Only the lines from the start of the entries through the line with "Giubbotto beige per" are wanted; please output them exactly.
___ Data for this task
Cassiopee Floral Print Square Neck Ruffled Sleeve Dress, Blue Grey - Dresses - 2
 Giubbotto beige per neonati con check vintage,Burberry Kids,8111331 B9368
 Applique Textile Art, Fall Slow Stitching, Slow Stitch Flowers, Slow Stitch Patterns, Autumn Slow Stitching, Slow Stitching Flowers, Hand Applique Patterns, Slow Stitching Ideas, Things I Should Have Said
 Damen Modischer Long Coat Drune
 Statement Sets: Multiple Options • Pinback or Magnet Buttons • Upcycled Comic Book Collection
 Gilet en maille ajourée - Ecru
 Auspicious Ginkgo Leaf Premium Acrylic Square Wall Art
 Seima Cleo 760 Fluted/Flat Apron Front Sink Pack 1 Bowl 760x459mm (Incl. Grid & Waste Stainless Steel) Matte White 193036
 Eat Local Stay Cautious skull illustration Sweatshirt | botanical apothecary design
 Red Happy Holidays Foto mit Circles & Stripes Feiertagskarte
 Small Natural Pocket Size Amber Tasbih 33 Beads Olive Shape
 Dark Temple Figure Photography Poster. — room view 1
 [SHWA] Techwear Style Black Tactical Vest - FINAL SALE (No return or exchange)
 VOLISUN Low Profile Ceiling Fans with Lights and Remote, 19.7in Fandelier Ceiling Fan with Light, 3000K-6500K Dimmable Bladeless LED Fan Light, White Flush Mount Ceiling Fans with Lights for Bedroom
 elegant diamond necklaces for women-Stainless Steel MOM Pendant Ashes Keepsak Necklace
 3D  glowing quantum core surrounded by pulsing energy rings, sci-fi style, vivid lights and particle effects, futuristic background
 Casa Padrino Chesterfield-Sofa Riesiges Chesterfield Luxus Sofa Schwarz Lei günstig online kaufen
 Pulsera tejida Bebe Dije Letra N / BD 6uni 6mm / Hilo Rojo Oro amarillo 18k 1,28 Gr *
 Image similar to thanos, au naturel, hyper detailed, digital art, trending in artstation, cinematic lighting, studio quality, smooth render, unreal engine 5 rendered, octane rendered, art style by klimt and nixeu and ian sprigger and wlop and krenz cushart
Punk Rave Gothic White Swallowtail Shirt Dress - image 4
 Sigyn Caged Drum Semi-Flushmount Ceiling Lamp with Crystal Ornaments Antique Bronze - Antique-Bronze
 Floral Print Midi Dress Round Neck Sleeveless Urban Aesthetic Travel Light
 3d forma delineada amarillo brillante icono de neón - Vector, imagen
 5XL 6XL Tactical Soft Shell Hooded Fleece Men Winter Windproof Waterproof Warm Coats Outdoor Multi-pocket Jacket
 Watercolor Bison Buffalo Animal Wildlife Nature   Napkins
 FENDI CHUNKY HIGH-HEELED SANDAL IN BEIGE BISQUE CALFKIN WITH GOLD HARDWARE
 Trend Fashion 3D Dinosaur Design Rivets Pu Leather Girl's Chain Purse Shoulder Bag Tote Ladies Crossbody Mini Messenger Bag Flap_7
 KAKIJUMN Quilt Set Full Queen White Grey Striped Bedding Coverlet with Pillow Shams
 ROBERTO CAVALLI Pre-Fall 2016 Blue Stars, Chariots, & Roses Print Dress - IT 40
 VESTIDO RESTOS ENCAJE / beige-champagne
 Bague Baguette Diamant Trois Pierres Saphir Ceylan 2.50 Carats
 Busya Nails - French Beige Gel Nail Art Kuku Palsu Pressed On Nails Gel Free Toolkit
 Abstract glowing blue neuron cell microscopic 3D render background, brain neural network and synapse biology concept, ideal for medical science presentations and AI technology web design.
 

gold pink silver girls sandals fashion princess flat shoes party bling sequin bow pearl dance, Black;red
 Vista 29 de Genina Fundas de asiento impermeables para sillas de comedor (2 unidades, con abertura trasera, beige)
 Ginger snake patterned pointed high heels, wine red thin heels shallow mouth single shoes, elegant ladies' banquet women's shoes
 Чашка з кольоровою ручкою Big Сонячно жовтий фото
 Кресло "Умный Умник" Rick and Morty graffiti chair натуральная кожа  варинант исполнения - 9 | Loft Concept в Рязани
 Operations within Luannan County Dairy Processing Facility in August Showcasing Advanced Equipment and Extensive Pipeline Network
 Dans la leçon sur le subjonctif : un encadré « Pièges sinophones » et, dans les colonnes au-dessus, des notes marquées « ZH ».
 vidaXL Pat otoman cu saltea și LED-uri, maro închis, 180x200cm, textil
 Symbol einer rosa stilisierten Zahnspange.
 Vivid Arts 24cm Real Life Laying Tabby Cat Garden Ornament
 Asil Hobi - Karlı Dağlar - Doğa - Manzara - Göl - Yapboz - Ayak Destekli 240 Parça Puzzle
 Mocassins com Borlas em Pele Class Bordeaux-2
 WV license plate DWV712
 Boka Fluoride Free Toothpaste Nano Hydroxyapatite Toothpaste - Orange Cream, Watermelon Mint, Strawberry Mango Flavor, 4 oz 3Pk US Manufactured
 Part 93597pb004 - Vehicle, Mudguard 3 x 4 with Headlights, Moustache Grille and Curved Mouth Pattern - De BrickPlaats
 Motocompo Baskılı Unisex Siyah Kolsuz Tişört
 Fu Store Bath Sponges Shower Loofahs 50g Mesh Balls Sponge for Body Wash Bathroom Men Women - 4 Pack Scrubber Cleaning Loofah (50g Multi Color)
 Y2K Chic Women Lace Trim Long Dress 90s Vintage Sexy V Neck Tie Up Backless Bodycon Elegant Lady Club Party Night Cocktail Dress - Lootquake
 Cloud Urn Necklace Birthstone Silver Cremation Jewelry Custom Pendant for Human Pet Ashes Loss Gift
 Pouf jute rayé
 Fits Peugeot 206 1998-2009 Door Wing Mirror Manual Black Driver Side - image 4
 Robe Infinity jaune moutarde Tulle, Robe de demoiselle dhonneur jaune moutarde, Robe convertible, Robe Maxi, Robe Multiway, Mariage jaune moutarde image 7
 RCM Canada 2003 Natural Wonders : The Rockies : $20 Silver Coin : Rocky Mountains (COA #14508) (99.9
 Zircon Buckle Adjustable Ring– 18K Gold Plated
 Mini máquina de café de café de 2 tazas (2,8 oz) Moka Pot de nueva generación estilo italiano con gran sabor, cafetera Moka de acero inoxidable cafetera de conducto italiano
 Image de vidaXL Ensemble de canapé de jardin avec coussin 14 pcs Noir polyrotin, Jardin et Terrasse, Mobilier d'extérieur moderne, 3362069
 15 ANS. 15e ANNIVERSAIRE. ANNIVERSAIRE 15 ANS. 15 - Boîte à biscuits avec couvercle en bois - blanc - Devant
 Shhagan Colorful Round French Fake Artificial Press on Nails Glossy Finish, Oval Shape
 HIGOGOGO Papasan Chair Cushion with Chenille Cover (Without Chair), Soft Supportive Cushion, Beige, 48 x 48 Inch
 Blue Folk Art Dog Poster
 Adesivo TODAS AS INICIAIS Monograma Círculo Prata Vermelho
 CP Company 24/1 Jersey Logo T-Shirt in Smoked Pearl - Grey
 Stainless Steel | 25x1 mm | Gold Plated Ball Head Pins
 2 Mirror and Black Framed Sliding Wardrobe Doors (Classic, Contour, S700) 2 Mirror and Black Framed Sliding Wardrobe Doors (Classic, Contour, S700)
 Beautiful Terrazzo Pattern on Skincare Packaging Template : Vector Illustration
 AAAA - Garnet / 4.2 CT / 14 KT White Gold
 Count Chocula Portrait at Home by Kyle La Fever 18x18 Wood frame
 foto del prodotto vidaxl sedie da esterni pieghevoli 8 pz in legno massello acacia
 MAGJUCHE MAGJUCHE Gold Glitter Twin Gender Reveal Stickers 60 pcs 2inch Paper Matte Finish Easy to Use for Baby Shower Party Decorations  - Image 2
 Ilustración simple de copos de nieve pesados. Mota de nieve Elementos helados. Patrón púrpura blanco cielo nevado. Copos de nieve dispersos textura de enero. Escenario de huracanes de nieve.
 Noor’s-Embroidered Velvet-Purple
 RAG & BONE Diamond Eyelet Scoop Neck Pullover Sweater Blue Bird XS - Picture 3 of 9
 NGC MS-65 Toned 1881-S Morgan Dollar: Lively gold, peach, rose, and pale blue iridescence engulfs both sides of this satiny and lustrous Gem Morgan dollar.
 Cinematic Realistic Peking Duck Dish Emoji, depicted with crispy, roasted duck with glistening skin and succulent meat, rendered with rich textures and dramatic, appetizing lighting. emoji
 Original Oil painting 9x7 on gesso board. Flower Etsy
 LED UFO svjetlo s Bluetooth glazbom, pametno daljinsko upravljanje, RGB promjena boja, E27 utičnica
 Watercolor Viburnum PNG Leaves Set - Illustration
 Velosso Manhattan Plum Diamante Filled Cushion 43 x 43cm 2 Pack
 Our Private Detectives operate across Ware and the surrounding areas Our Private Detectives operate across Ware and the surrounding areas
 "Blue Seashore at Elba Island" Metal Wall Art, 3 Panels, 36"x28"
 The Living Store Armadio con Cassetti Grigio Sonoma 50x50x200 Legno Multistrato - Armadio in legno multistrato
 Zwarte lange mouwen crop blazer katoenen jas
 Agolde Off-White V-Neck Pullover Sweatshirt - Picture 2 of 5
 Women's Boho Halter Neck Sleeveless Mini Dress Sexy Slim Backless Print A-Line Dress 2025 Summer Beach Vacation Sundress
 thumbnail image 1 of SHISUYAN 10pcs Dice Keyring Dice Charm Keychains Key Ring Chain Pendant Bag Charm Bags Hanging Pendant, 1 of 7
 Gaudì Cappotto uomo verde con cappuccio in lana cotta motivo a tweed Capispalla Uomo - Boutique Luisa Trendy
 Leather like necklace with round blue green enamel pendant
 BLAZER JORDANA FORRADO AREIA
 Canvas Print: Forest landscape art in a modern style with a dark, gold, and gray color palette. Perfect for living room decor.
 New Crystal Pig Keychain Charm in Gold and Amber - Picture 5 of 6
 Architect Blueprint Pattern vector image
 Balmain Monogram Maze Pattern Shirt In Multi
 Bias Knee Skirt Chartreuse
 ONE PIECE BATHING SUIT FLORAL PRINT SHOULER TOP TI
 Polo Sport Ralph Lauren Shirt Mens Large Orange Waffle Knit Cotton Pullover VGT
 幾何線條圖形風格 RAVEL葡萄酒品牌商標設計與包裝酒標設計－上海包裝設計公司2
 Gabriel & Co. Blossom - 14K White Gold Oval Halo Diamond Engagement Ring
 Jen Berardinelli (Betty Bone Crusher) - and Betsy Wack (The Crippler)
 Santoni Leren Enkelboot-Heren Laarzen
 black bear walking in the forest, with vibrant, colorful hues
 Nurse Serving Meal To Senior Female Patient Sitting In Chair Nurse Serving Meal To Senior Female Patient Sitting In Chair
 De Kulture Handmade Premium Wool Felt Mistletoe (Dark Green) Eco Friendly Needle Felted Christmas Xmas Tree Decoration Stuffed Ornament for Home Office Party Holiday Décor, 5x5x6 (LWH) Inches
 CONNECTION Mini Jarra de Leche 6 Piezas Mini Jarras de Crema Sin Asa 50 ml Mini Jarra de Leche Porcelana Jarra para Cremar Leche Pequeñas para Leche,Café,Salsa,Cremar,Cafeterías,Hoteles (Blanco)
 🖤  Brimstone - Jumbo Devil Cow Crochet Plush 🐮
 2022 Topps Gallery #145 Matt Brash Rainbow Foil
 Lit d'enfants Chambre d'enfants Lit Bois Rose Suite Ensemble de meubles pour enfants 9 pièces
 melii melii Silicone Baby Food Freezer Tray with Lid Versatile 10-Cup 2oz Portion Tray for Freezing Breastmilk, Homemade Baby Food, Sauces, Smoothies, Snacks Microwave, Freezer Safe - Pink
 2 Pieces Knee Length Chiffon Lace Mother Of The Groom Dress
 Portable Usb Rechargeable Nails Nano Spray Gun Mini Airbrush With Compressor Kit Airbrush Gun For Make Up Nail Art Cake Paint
______
Answer for this exercise:
Cassiopee Floral Print Square Neck Ruffled Sleeve Dress, Blue Grey - Dresses - 2
 Giubbotto beige per neonati con check vintage,Burberry Kids,8111331 B9368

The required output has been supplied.